This is an implementation of the technical assignment for a full stack developer role at bol.com. See the rules of the game in this YouTube video.

Repository structure

This repository consists of 2 projects:

  1. the backend, implemented with Java and Spring, ruled by /pom.xml
  2. the frontend, implemented with Angular, ruled by /frontend/.package.json

How to run

To play the game, run both the backend and the frontend on your local machine.

System requirements

Before you type and hit the start commands, make sure your operating system has the following platforms & tooling installed. The versions given are versions used for this implementation. If you already use lower minor versions on your machine, the game might still run. If it doesn't, try upgrading to at least the version given below.

  1. JDK 17
  2. Maven 3.8.6
  3. Node 16.16.0
  4. Npm 8.11.0
  5. Chrome 110.0.5481.181

The steps

  1. Run mvn spring-boot:run in / to start the backend.
  2. Run npm run start in /frontend to start the frontend.
  3. Open localhost:4200 in Chrome. The frontend will open and connect automatically to the backend running on localhost:8080.
  4. Open localhost:4200 in another browser or different user profile in Chrome.
  5. Connect the 2 players:
    1. Click Start game in the first browser and copy the game code.
    2. Click Join game in the second browser and paste the code. Click Go.
  6. Now you can play!

Tests

Both the backend and the frontend are covered with unit tests. You can run them as follows:

  1. Run mvn test in / to execute the backend tests.
  2. Run npm run test in /frontend to execute the frontend tests.

Architectural overview

The fundaments of this implementation's architecture are as follows:

  1. Players can play together each on their own machine, sharing the state of the game that exists on the server.
    1. One player can create a new game in his own backend session and another player can join it by referencing it with the game's code.
    2. Players share a game's code verbally or via any messaging app (like WhatsApp).
  2. A player can make a move, changing the state of the game, by firing a REST API move request to the server.
    1. The server updates a game's state with a move according to the game rules that the server is owner of.
    2. The frontend only presents a game's state to the users and does not manage any game logic.
  3. Both players are notified by the server about the game's state change via a Web Socket live connection.

Other considerations

Additional test coverage

Unit tests that exist in this implementation are exemplary and they demonstrate how I design unit tests both on the frontend and the backend. More unit tests, covering more cases and classes, would be needed in a final solution.

Web Socket reliability

I have used the Web Sockets technology for the implementation of this game because it ideally fits the requirements allowing players to immediately see moves of the opponent and it avoids overloading network and server activity with superfluous polling.

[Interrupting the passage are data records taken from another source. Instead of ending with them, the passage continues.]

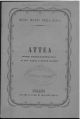 Attea. Azione storico-romantica in due parti e sette quadri... da rappresentarsi nel Regio Teatro della Scala nell'autunno 1863 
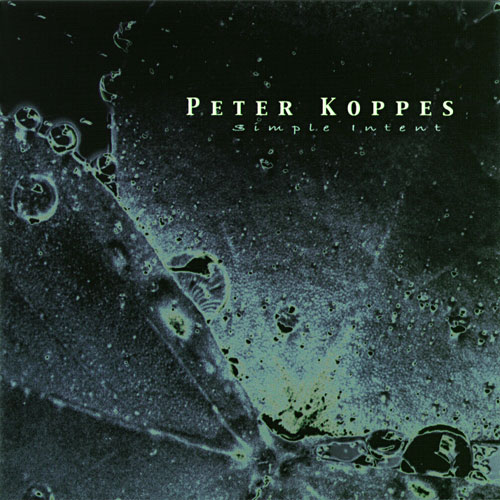 Peter Koppes - Simple Intent Cover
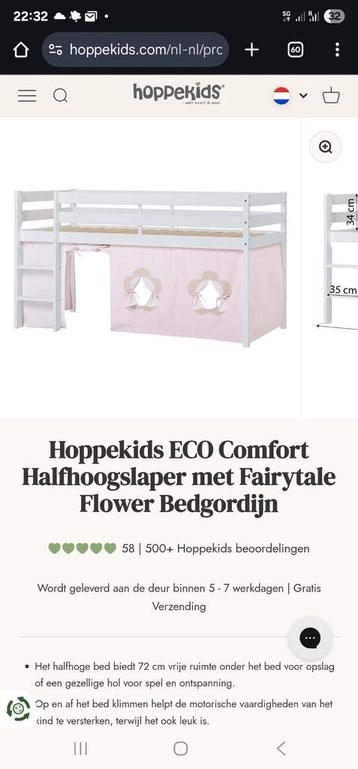 Hoogslaper bed wit kind beschikbaar voor biedingen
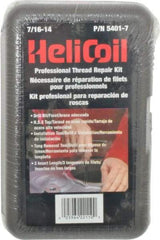 Heli-Coil - 18 Inserts, 7/16-14 UNC, Thread Repair Kit - 0.656" Insert Length - Exact Tool & Supply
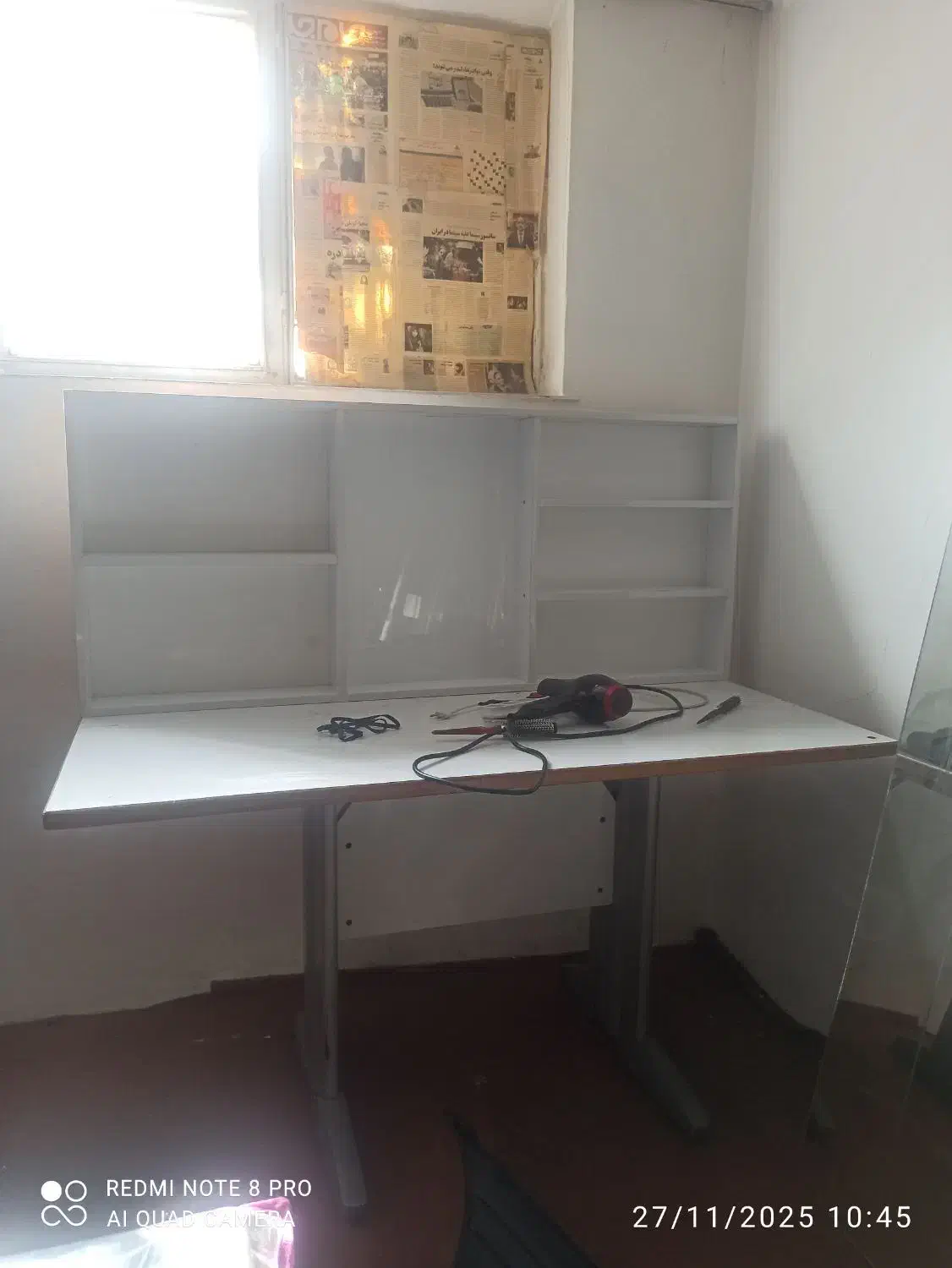 میز کار باکس ام دی اف و صندلی و دراور|میز تحریر و کامپیوتر|فردیس, شهرک شهید حسینی|دیوار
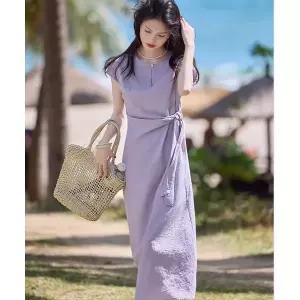 [휴드]윈퍼플 팔뚝보정 반민소매 원피스_P421150226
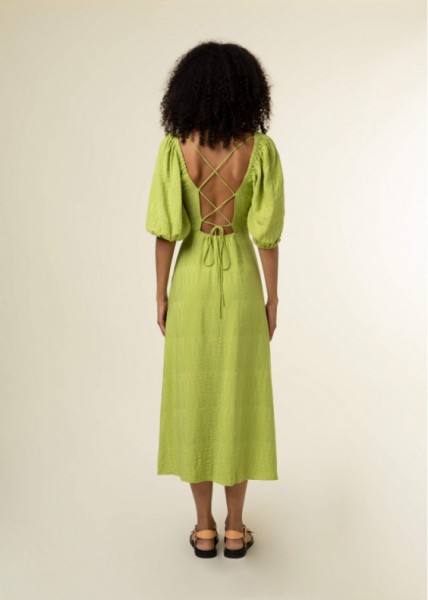 FRNCH: Modell 'Robe Celine Midi - Olive'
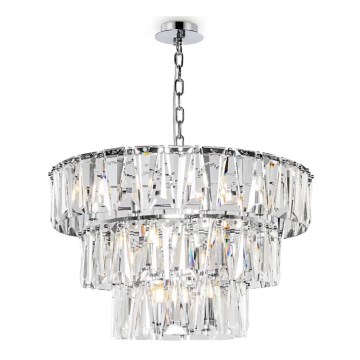 Maytoni MOD043PL-18CH - Candeeiro suspenso PUNTES 18xE14/40W/230V cromado brilhante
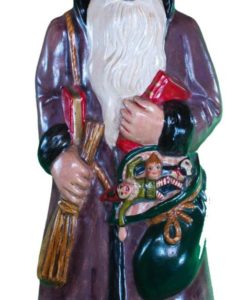 Father Christmas Plum Coat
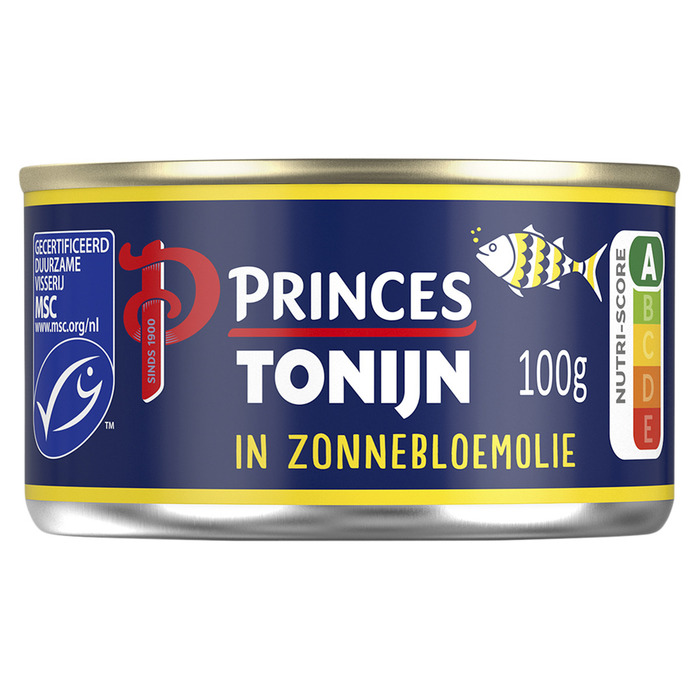 Tonijnstukken in zonnebloemolie (100g)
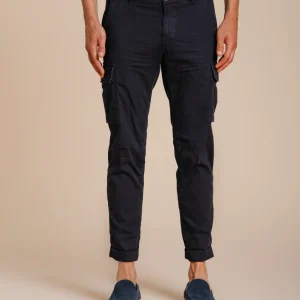 Chile pantalone cargo uomo in raso stretch extra slim fit ①
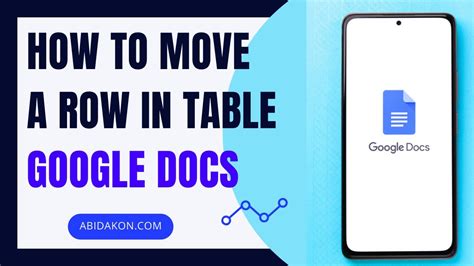 how to move rows in google docs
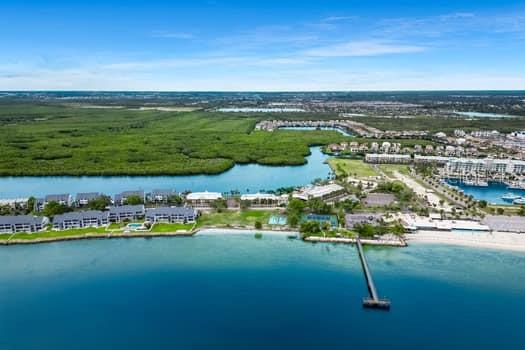 611 Destiny Drive, Unit 210 Ruskin, FL 33570 - Photo 8 of 48 a view of a city with an ocean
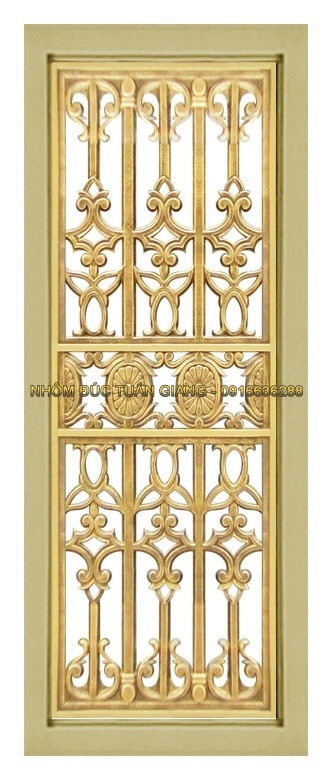 Bông gió nhôm đúc - BG005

However, the implementation of the Web Socket that I ended up using turned out to be unstable, that is the frontend occassionally does not make a successfull connection with the server and keeps on hanging.

A temporary solution for this problem, that I have implemented, is to retry the connection upon failure. In practise the connection succeeds after the first retry and makes it possible to play the game. In regular business circumstances I would use this temporary solution, as in the presentation of this assignment, to demo the game to the stakeholders and allow them to express feedback on the functionality. I would communicate this technical debt and work on resolving it in following sprints.

To achieve a stable and proper final implementation, I would change Spring Web Socket configuration to communicate over ws:// instead of http:// protocol and I would change frontend's Web Socket library to @stomp/stompjs, which does not allow http:// and cannot be used with the current implementation.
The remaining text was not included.